A prominent academic sparred with a defense lawyer at the Khmer Rouge tribunal on Wednesday over whether the regime committed genocide, with the scholar claiming there was a “clear parallel” between the communists’ treatment of the Vietnamese and the Nazis’ persecution of the Jews.
Alex Hinton, an American anthropologist and genocide researcher who has extensively studied the Khmer Rouge, appeared at the court for a third day to face questions from Victor Koppe, a lawyer for Nuon Chea, the regime’s second-in-command, over whether killings of ethnic Vietnamese in Democratic Kampuchea constituted genocide.
According to the legal definition of genocide, killings must be enacted against a racial, ethnic, national or religious group with the intent of wiping that group out. The extermination of political groups does not fall under the term’s umbrella.
Mr. Koppe on Wednesday set about comparing the alleged genocide of the Vietnamese by the Khmer Rouge to other genocides in the 20th century, starting with the Holocaust, in which the Nazis exterminated about 6 million Jews.
“Is it true, that there is a huge difference between, on the one hand, how Nazi Germany viewed Jews and how they were treated, as opposed to how DK saw the Vietnamese and how DK ultimately treated its Vietnamese citizens?” Mr. Koppe asked.
Mr. Hinton responded by pointing out similarities between Democratic Kampuchea and Nazi Germany, including socioeconomic upheaval, a “manufacturing difference” between groups in society, and the disempowerment of a target group before its gradual elimination.
“That process itself is a direct parallel…that occurs in a number of genocides. It’s one that occurs during the DK regime, it’s one that occurred during the Holocaust,” Mr. Hinton said.
Asked whether there were also similarities to the propaganda of Nazi Germany and Rwandan radio broadcasts that labeled members of the Tutsi minority “cockroaches” prior to the 1994 genocide there, the expert witness pointed to evidence of dehumanizing metaphors cited in “Pol Pot’s Little Red Book: The Sayings of Angkar,” by French historian Henri Locard.
“There’s all sorts of dehumanizing metaphors that are in that book.

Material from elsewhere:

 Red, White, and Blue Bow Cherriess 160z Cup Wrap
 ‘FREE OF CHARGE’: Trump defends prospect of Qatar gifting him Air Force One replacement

You can refer to numerous DK radio broadcasts, the same thing exists there. So yes, I think you can draw a direct parallel again and again,” Mr. Hinton said.

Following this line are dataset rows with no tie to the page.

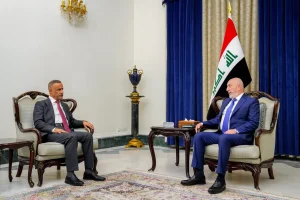 وزير الدفاع العراقي نايف الشمري يبحث مع رئيس الجمهورية نزار آميدي تعزيز قدرات الجيش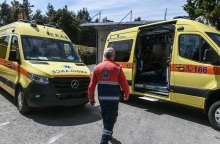 ΕΚΑΒ: Δημοσιεύτηκε η ΠΝΠ για τη στελέχωση των ασθενοφόρων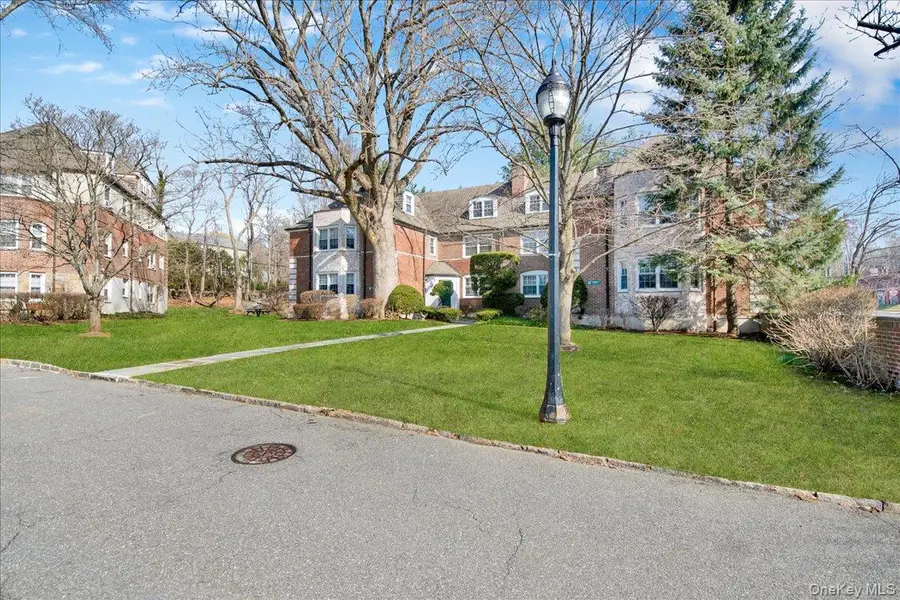 3 Sentry Place #2A, Scarsdale, NY 10583 - #2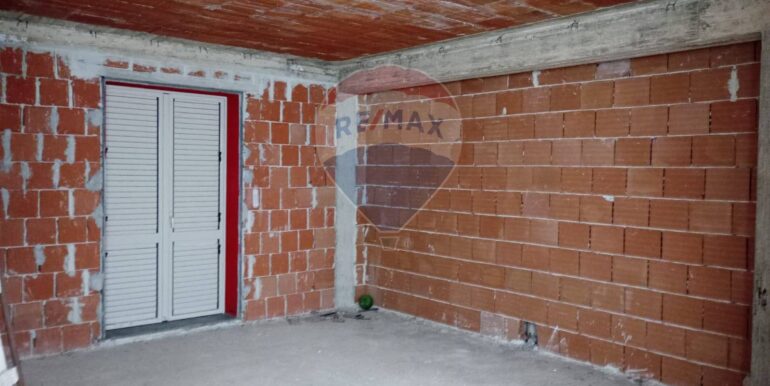 2025102793823-996008-5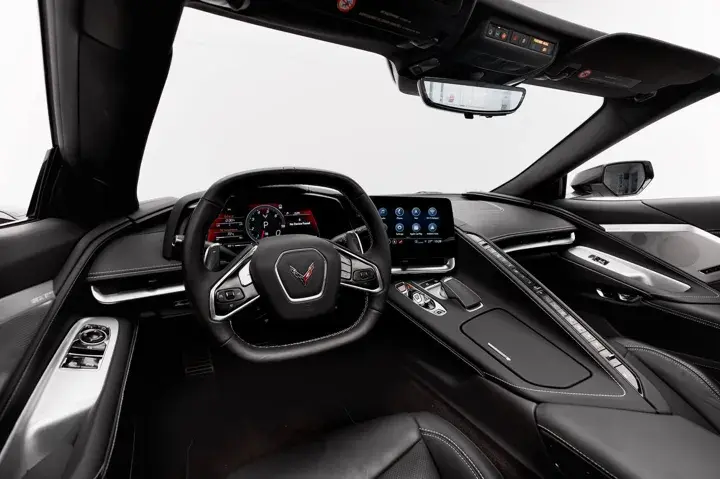 https://driveme-uae-kings.s3.me-central-1.amazonaws.com/media/images/cars/kings-uae-car-5b65574d-73bd-4961-8646-f556eca44122_preview.webp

“With this process of manufacturing difference I’ve referred to, the parallels in that regard between the Holocaust and the Cambodian genocide are very clear and very direct, as they are with other ideological genocides,” he continued.
As the questioning neared its close and Mr. Koppe began grilling the scholar on whether he could provide documents proving the regime’s genocidal intent, the atmosphere between the two became tense.
“Give me one example of a CPK [Communist Party of Kampuchea] document or DK document in which it actually, literally says ‘new people’ should be persecuted or executed, or Vietnamese citizens should be killed, should be exterminated. Where is the document where it explicitly says that?” Mr. Koppe asked, using the Khmer Rouge term for people who lived in cities before the regime took over.
“Thank you, Mr. Co-Defense Lawyer, I didn’t realize that I was supposed to come prepared with a set of documentation to introduce into the court on my own,” Mr. Hinton retorted.
“There isn’t any,” Mr. Koppe snapped.
Mr. Hinton then told the lawyer he was wrong, and that there was a wealth of literature showing the “rhetoric of hate” against Vietnamese.
“A lot of words, Mr. President, but no answer,” Mr. Koppe said, turning to Trial Chamber President Nil Nonn before sitting down.